70. That’s how many New York City subway cars were hit last week, establishing a new record high and milestone in the number of incidents the MTA normally deals with over 7 days time. First reported by @RespectTheArchitects, the “historical feat” consisted of several wholetrains getting covered from top to bottom. (For the uninitiated, that basically means that the writers involved painted unifying designs across multiple wholecars.)
The city’s transit agency confirmed the incredibly high body count to ANIMAL and provided the following statement from MTA New York City Transit Senior Vice President of Subways Demetrius Crichlow:
“Vandalizing trains is a dangerous, selfish activity that disrupts public service by removing cars for cleaning, creating unfortunate cleanup expenses. The MTA is cooperating fully with the NYPD investigation to identify those who are accountable.”

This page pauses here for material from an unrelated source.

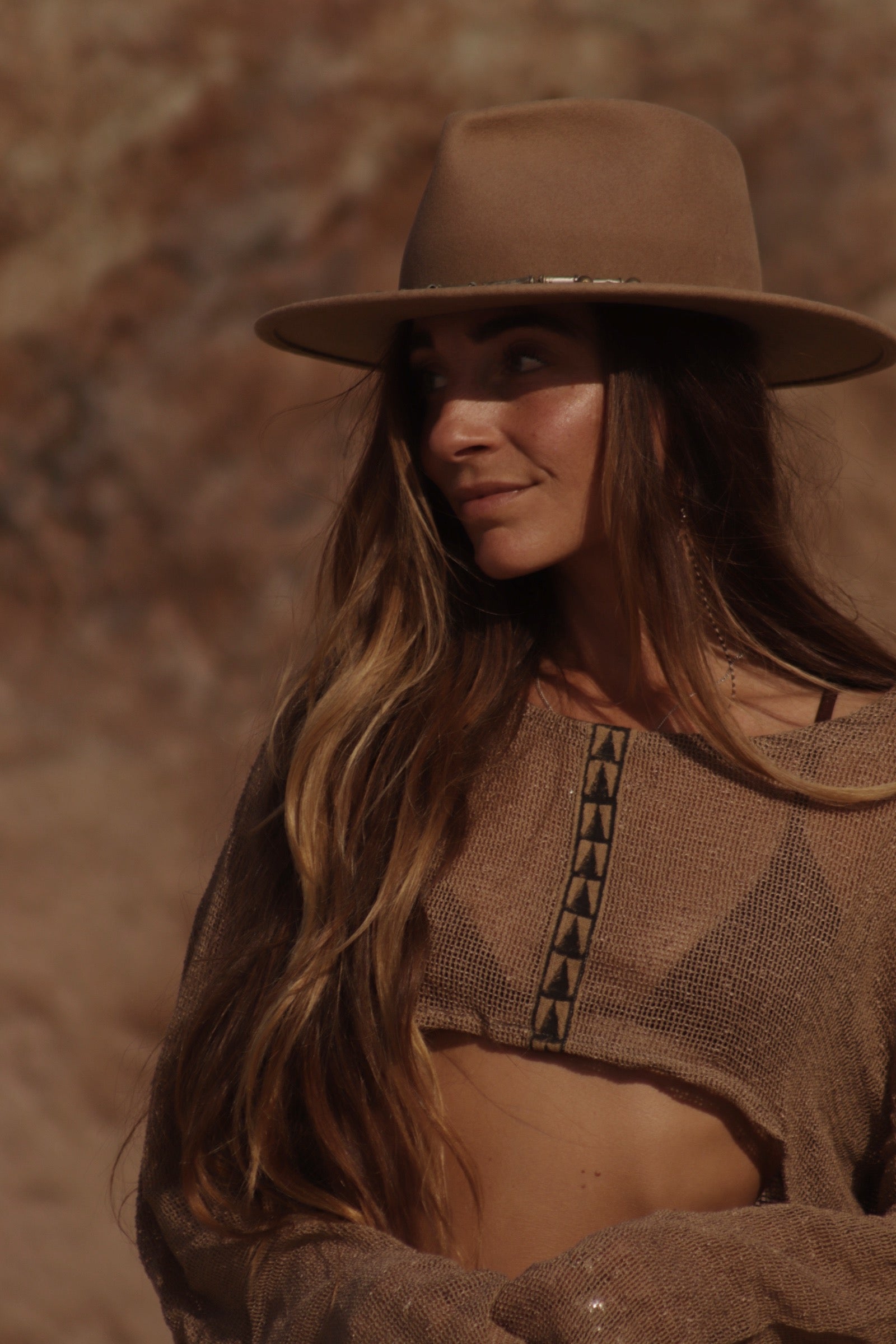 Organic net top - Earthy Beige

Since 1989, the MTA has enacted a strict policy of removing any graffitied subway car from service. For decades, this strategy has been highly effective in reducing the amount of trains getting smashed. However, a couple of years before COVID took hold, a shift started to happen, and the buff (and threat of arrest) stopped being the strong deterrent it once was. From then, through the hazy period of the pandemic, and to this very day, local and foreign aerosol enthusiasts have been unleashing a relentless torrent of spray paint on train panels (and everything else), ushering us all into a new, and still yet-to-be-named era of graffiti history.